- Born: Nora Maier 6 November 1942 Munich, Germany
- Died: 6 April 2023 (aged 80) United States
- Citizenship: Germany; United Kingdom;
- Occupations: Publishing heiress; actress; model; music promoter;
- Spouses: Frank Forster [de]; ; John Lydon ​(m. 1979)​
- Children: Ari Up
- Father: Franz Karl Maier [de]

= Nora Forster =

German-British music promoter (1942–2023)

Nora Maier Forster (née Maier; 6 November 1942 – 6 April 2023) was a German-British music promoter, publishing heiress, actress, and model. Before moving to London in the late 1960s, she worked in West Germany with Jimi Hendrix, Wishbone Ash, and Yes. In London, she helped to financially support the punk bands the Slits, the Sex Pistols, and the Clash. She was married to John Lydon of the Sex Pistols.

==Early life==
Nora Maier Forster was born 6 November 1942 in Munich, Germany, to a wealthy publishing family. Her father, Franz Karl Maier, worked as a "prosecutor who helped bring wartime Nazis to justice." After the end of World War II, her father was the editor and publisher of the newspaper Der Tagesspiegel.

Forster was educated in Munich and was interested in music from an early age. After she finished school, she went to work for her father's media company. After the death of her father, she reportedly inherited a large fortune as heir to Der Tagesspiegel, but Lydon claims otherwise.

==Career==
Forster began her work as a music promoter in Munich. Her home there became a meeting place for "rock royalty". Some of the acts she worked with in West Germany were Jimi Hendrix, Wishbone Ash, and Yes. She found German society to be too restricting and decided to move to London with her daughter in the latter half of the 1960s.
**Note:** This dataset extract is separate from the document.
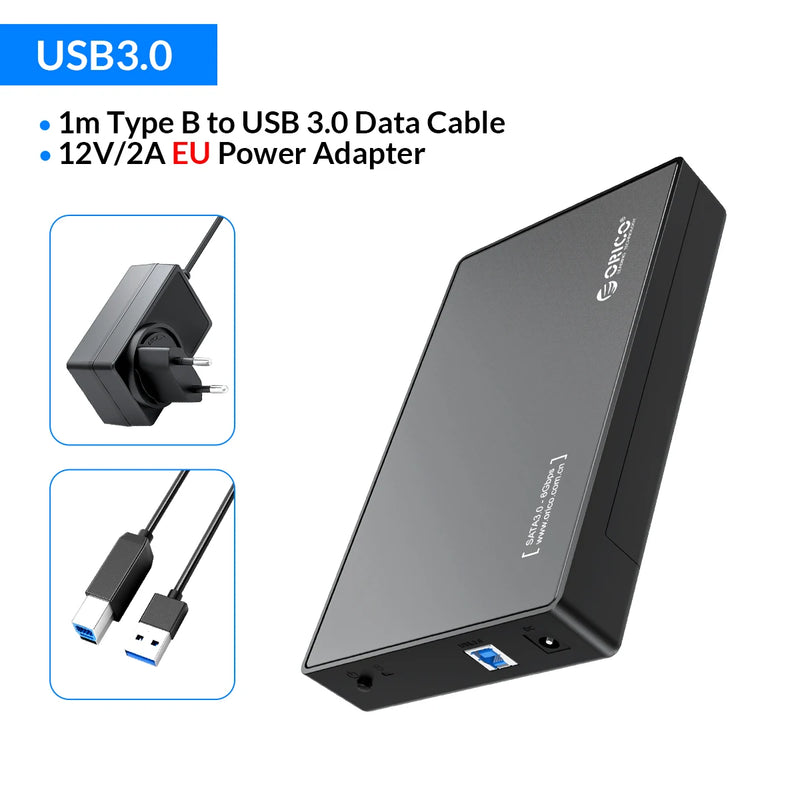 ORICO 3.5 inch External Hard Drive Enclosure SATA to USB 3.0 HDD Case with 12V/2A Power Adapter Support UASP Tool free
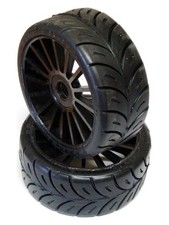 HRC Rally Game Radials Ruota Completa per Buggy 1:8, Nero, 17mm - HRC60801BK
Their first flat was located in a "cold, damp and dark" basement in West London, near the Chelsea football ground. Following that, they moved to a small house off Gowrie Road in South London. During this time she came to be called a "Punk Mummy Warrior" who guided her daughter Ari Up's musical pursuits and supported the development of her band, the Slits, when Ari was just fourteen or fifteen.

Forster hosted numerous musician house guests and among them was Neneh Cherry, the teenage step-daughter of Don Cherry. Cherry performed backing vocals with the Slits for a time. Rock journalist and historian Vivien Goldman stated that Forster was "a den mother to all the young punks."

During the 1960s and 1970s, Forster was part of the bohemian scene in London. Starting in the late 1960s, Forster's home in Shepherd's Bush became a crash pad, salon, and meeting place for rock musicians including Joe Strummer of the Clash, Jimi Hendrix, Jon Anderson of the band Yes, and many other bands.

She helped to financially support the punk bands the Slits, the Sex Pistols, and the Clash.

In 1970, Forster began to promote music gatherings in London.

In 1986, she was a major stockholder of Der Tagesspiegel, a West Berlin–based newspaper.

==Personal life==
Forster's first husband was Frank Forster, a West German popular music singer, with whom she had a daughter, Ariane, better known as Ari Up, who was the frontwoman and singer of the Slits. In 2000, Forster and Lydon became guardians of Ari Up's two sons; after Ari Up's death in 2010 from breast cancer, they took over the care of her third child as well.

In 1975, Forster met John Lydon of the Sex Pistols in west London at Vivienne Westwood's clothing store, Sex, on the Kings Road. The store was co-owned at the time by rock impresario Malcolm McLaren who managed the Sex Pistols. Many sources claim Forster married Lydon, who was 14 years her junior, in Düsseldorf in 1979, but later Lydon claimed they were never married. Forster and Lydon moved to California in the 1980s. In 1988, Forster and Lydon were booked to travel on 21 December Pan Am Flight 103 that was destroyed by a bomb over Lockerbie, but missed the flight due to packing delays. They remained married for 44 years until her death in 2023.

Previously, she was the girlfriend of musician and producer Chris Spedding.

Forster was diagnosed with Alzheimer's disease in 2018. She lived in Venice Beach, Los Angeles, with Lydon, who was her full-time caregiver when he was not on tour. In February 2023, Lydon entered Eurosong 2023 as part of Public Image Ltd with the song "Hawaii", a song dedicated to Forster.

Her death was announced on 6 April 2023; she was 80.